La loi aux Etats-Unis est claire : les travailleurs ont le droit de se syndiquer. Mais, dans le même temps, la législation offre aux entreprises de nombreux moyens dilatoires susceptibles d’empêcher la création de syndicats. Jadis, la chose se réglait par l’irruption de gros bras qui faisaient le ménage et la chasse aux syndicalistes, souvent accusés de communisme. Aujourd’hui, d’autres moyens sont employés. Ainsi le cas de la chaîne de supermarchés Walmart qui ne tolère pas les syndicats (sauf en Chine où ses employés peuvent adhérer au syndicat contrôlé par les autorités). Walmart n’hésite pas à fermer les magasins ou bien les rayons dont les salariés se syndiquent. Ce fut le cas avec son supermarché de Jonquière au Canada qui fut définitivement fermé moins d’un an après que ses salariés eurent réussi à imposer un syndicat. Une première qui ne s’est pas répétée ailleurs.
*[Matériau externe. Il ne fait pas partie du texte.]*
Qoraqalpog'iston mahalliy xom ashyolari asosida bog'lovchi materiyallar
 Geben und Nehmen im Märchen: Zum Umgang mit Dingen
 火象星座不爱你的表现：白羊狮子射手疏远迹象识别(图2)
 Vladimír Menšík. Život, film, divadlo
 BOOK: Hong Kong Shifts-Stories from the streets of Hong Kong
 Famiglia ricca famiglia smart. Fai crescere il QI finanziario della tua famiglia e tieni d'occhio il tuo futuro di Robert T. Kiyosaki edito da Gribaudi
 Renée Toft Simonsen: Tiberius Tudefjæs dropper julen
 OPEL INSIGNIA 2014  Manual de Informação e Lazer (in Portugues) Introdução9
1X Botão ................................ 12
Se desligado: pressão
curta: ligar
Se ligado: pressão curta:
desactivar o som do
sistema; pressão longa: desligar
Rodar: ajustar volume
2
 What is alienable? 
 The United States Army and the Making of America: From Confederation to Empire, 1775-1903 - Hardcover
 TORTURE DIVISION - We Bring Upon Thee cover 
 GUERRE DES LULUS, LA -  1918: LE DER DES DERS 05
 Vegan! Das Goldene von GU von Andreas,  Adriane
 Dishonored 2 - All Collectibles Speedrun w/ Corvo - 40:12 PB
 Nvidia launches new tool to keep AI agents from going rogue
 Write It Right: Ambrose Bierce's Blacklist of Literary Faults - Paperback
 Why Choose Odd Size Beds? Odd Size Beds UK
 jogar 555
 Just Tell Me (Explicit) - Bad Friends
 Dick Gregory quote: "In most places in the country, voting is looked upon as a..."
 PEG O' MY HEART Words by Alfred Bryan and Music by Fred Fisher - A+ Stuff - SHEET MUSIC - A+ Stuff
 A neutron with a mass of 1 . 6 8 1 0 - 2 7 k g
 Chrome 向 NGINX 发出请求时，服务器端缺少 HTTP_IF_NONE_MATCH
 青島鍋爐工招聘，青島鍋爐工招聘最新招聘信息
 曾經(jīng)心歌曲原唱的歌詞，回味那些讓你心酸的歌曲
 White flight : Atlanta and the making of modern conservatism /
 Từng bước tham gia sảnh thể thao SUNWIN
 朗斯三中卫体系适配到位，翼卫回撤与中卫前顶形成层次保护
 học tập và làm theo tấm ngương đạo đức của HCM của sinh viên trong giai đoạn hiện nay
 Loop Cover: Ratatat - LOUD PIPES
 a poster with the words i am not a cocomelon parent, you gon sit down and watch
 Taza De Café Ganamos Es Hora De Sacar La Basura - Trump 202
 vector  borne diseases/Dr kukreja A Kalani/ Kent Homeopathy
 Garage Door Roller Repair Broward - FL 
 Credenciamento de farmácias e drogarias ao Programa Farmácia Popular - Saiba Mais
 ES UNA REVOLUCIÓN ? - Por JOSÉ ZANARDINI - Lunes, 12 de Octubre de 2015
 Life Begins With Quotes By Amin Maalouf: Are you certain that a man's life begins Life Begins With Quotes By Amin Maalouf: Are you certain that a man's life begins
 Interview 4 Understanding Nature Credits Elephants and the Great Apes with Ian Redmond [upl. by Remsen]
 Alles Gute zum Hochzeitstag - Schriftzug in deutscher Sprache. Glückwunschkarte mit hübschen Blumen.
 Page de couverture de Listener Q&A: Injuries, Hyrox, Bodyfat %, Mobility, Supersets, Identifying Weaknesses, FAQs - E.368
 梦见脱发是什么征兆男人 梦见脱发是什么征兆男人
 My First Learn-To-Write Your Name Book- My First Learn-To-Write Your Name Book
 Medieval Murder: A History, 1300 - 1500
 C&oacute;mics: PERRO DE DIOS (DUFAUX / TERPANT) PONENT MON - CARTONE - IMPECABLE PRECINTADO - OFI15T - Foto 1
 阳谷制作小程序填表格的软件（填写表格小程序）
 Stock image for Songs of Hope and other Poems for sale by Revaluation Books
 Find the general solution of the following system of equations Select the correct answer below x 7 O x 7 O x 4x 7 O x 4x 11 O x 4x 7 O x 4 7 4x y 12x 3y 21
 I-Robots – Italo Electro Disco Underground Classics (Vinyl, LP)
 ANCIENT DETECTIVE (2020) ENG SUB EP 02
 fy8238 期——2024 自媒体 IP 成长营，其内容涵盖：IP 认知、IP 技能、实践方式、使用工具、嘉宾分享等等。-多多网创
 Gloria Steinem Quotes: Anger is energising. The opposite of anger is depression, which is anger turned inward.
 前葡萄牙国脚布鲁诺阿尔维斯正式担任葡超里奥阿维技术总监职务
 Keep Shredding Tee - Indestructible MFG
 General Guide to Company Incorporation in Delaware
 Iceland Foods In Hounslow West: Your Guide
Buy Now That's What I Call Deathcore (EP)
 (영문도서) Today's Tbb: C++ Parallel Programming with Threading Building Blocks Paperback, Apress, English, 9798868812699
De manière traditionnelle, le parti démocrate était favorable aux syndicats lesquels le finançaient mais ces liens se sont largement distendus depuis les années 1990 et les deux mandats de Bill Clinton (1992-2000). Ce dernier, en favorisant l’essor de la mondialisation, du libre-échange et des marchés financiers a rompu le pacte qui liait son parti aux syndicats, notamment la confédération AFL-CIO. Le ressentiment de nombre de salariés à l’égard du parti démocrate explique en partie l’émergence d’un conservatisme populaire illustré récemment par l’émergence de Donald Trump et sa capacité à attirer à lui le vote d’anciens électeurs démocrates issus des classes populaires.
Manœuvre politique
La sortie de Joseph Biden est donc une tentative évidente de recoller les morceaux et de séduire un électorat potentiel constitué par ce nouveau prolétariat employé par les géants de la « nouvelle économie » (Amazon, Google) ou par leurs devanciers comme Walmart. L’aile gauche du parti démocrate milite pour aller plus loin et exige des lois criminalisant l’interdiction de fait des syndicats. A cela s’ajoutent les revendications sur l’instauration d’un salaire minimum national, vieille demande qui n’est toujours pas exaucée faute d’accord au Congrès. Avec son soutien aux salariés d’Amazon, c’est aussi sa gauche parlementaire que le président américain tente d’amadouer.